Well, I am not losing any excess baggage on this ‘positive thinking’ diet!

I’ve been cranky and pissed off at Wally all day. He took his time texting me back, over 24 hours. Then he said he’d been freaking out (about what I have no clue). He asked how I am, and when is a good time to call. I was so annoyed at his endless drama, I texted back, “I don’t know when a good time is.” I know it was a biatchy thing to do, but I am so sick of his ways!! He texted back saying he hadn’t been honest: Most of the time he doesn’t want to talk to me because our talks are too full of drama and trauma sharing & he’s not enjoying them, and he knows I’m not, so he doesn’t want to continue talking right now.

First of all, we haven’t talked in weeks & all our texts have been superficial with no drama at all. But he is always apologizing for something, even when I’m not mad, so who brings the drama to the situation??

I texted him back saying I’m sick of all his freak outs and fear, and he’s right I don’t want him in my life either. Which is very true right now. I mean, I’m sad about it, but mostly pissed off and just glad to get rid of him. I don’t deserve this, I really don’t.

It’ll probably hit me tomorrow, but I hope not…

Anyway, I’m supposed to be focussing on what I do want, not what I don’t want…whatever I focus on, I draw to me….but it’s so hard when it just shows up in my face like this. But I will not be defeated. I’m not going to let this loser ruin my life. He doesn’t even deserve me to grieve over him!

You packed in the morning, I stared out the window and I struggled for something to say

Posted in Dating Diaries at 1:42 pm by Nicole

He’s leaving tonight.  I won’t even get twelve hours with him.  Oh, he’s hung out with his other friends for the past five days where I didn’t see him at all and barely spoke to him on the phone, and I get the last ten hours with him before he leaves.  He made it seem like a gift.  I feel like I got the leftovers. 

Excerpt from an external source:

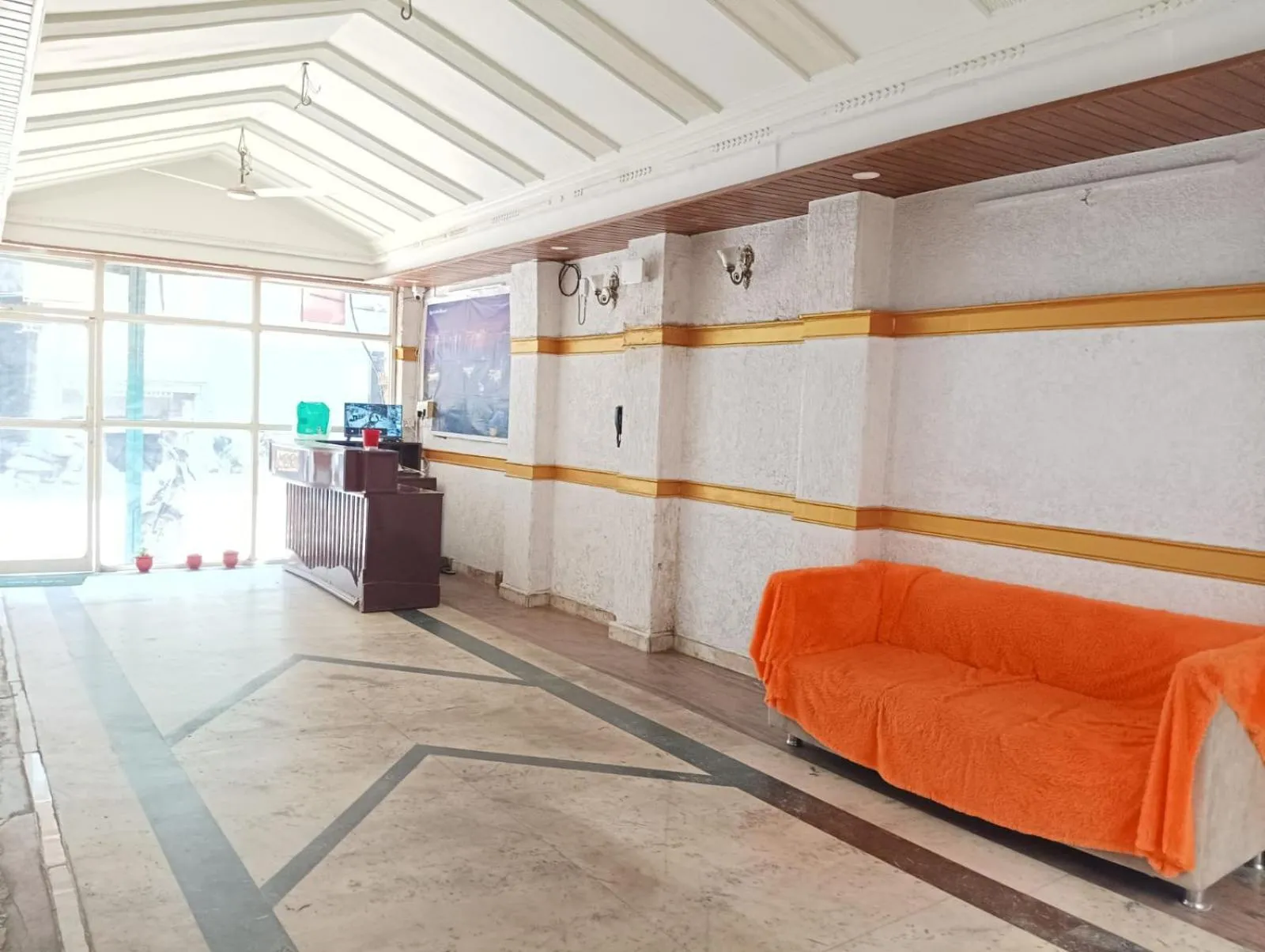 TV and multimedia in Comfi Stay Hotel Bhopal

I know the relationship is wrong.  I know that my broken heart will mend, that I won’t feel like this forever.  I know that I have to move on.  I know there will be other guys.  I am tired of being the only one fighting, giving.  But right now I just hurt.  Why doesn’t he want to spend time with me, knowing that these are his last days?  Why does he act like he doesn’t care if he’ll never see me again?  Why is he being such an asshole, and, why do I put up with it?  Was our entire relationship just a delusion in my head?  Did he never really love me?  Do I even matter?  Have I just been wasting my time?

I’m scared that I’ll be a wreck when I see him.  I’m scared that he’ll be dismissive and nonchalant and I won’t have any good memories to remember him by.  I’m scared of the reality of a life without him in it (even tangentially).  I’m scared I’ll be forgotten.

Anna says that I have to look at it like it isn’t personal, like it isn’t my fault or failure.  That he is doing to best he can towards me, given his immaturity and emotional unavailability.  And that it is my choice, my power, to let him go (and not the other way around) because I need more. 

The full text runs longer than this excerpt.